Markiy99
Markiy99

Reputation: 83

Haskell: eval :: Ast -> Int

I have an assignment, and there's one question that I just do not understand. What is it that they're asking for? Not sure if this is a SO-fitted question, but I'm in a complete brain freeze, so it would mean a lot if anyone helped!

Question:

Let's consider user-defined data type data Ast = V Int | P Ast Ast | M Ast Ast We imagine that each leaf V x represents the number x, while P and M represent addition and multiplication of their arguments.
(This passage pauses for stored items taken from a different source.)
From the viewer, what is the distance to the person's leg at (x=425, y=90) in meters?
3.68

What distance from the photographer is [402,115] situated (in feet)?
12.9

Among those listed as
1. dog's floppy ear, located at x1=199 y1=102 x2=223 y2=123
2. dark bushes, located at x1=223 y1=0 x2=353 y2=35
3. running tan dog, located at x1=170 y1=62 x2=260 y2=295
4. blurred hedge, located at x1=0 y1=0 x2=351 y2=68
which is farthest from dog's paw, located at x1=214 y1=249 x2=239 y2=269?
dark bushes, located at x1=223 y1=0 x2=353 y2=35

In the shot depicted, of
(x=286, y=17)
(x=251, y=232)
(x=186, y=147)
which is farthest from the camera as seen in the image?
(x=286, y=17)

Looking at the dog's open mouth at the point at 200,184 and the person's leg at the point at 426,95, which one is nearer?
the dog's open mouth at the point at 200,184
Program a function

eval :: Ast -> Int

which evaluates such an Ast as an arithmetic expression, e.g.

eval (V 5) = 5
eval (P (V 55) (M (V 2) (V 3))) = 55 + (2 * 3) = 61
eval (M (P (V 12) (V 3)) (M (V 2) (V 5))) = (12 + 3) * (2 * 5) = 150

Upvotes: 1

Views: 323

Answers (1)

leftaroundabout
leftaroundabout

Reputation: 120711

The nice thing with a language like Haskell is, definitions actually look almost like examples. The ones you gave form literally a syntactically valid definition:

eval :: Ast -> Int
eval (V 5) = 5
eval (P (V 55) (M (V 2) (V 3))) = 55 + (2 * 3)
eval (M (P (V 12) (V 3)) (M (V 2) (V 5))) = (12 + 3) * (2 * 5)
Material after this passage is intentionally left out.